Por Pablo Cabañas Díaz
La figura del escritor marginal atraviesa el continente americano como una grieta que no cierra. En México y Estados Unidos comparte la misma pulsión: rechazar el centro, escribir desde la borrachera, la calle, la pobreza voluntaria y convertir la propia derrota en literatura. No buscan redimir al marginado; lo exhiben sin maquillaje, porque ellos mismos son el marginado.

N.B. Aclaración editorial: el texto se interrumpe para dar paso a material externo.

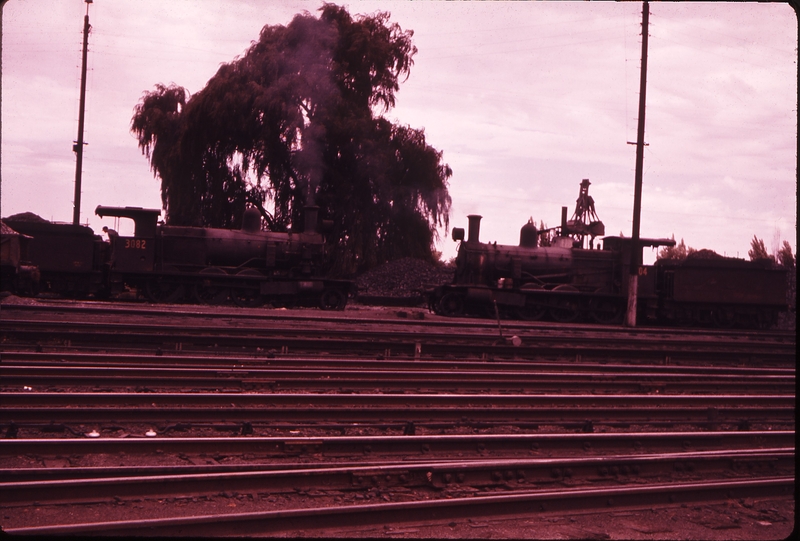 100336: Cootamundra - 3082T 3004T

En México, la marginalidad literaria explota en dos momentos clave. Primero, la Literatura de la Onda (José Agustín, Gustavo Sáinz, Parménides García Saldaña) rompe con el lenguaje oficial y la novela “seria” de los cincuenta. Sus adolescentes hablan en caló, escuchan rock y odian a sus padres; son los hijos incómodos de la clase media que el milagro mexicano quiso ocultar. Después llega el infrarrealismo de Mario Santiago Papasquiaro y Roberto Bolaño: poesía escrita en cuadernos sucios, en departamentos sin luz de la colonia Guerrero, contra Octavio Paz y contra todo el establishment. Su lema podría ser el de Papasquiaro: “Escribir como si te fueran a matar mañana y nadie te fuera a leer nunca”.
Al norte, la tradición es más antigua y más mitificada. Los beats (Kerouac, Ginsberg, Burroughs) convierten la marginalidad en performance: viajes en autobús Greyhound, jazz, en tiempos de represión macartista. Luego llega la segunda oleada: Charles Bukowski, el cartero alcohólico que escribe sobre prostitutas, apuestas perdidas y trabajos miserables en Los Ángeles; Jim Carroll cantando en los baños del CBGB; Hunter S. Thompson disparando metralletas en su rancho de Colorado.

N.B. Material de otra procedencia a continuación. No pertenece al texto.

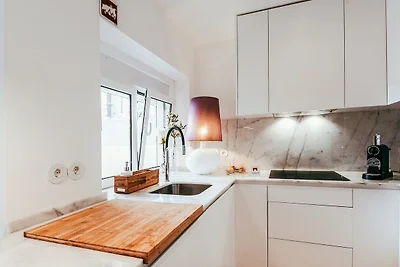 Modernes Apartment in Algés mit Terrasse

Lo fascinante es que, separados por una frontera, comparten idénticos gestos: desprecio por la universidad, por las becas Guggenheim, por la “buena literatura”. Fadanelli en Ciudad de México y Bukowski en Los Ángeles podrían haberse encontrado en cualquier bar de mala muerte y reconocido al instante. Ambos escriben sobre perdedores que no buscan redención, sino seguir perdiendo con dignidad. Ambos saben que la marginalidad no es pose: es consecuencia de negarse a mentir.
Hoy, cuando la literatura parece condenada al bestseller o al posgrado en escritura creativa, los marginales siguen recordándonos que escribir también puede ser un acto de resistencia sucia, sin permiso ni patrocinio. Desde la frontera de Tijuana hasta los suburbios de Detroit, su mensaje es el mismo: la literatura verdadera no nace en las residencias, sino en las crudas, en la cárcel, en la colonia perdida donde nadie quiere vivir.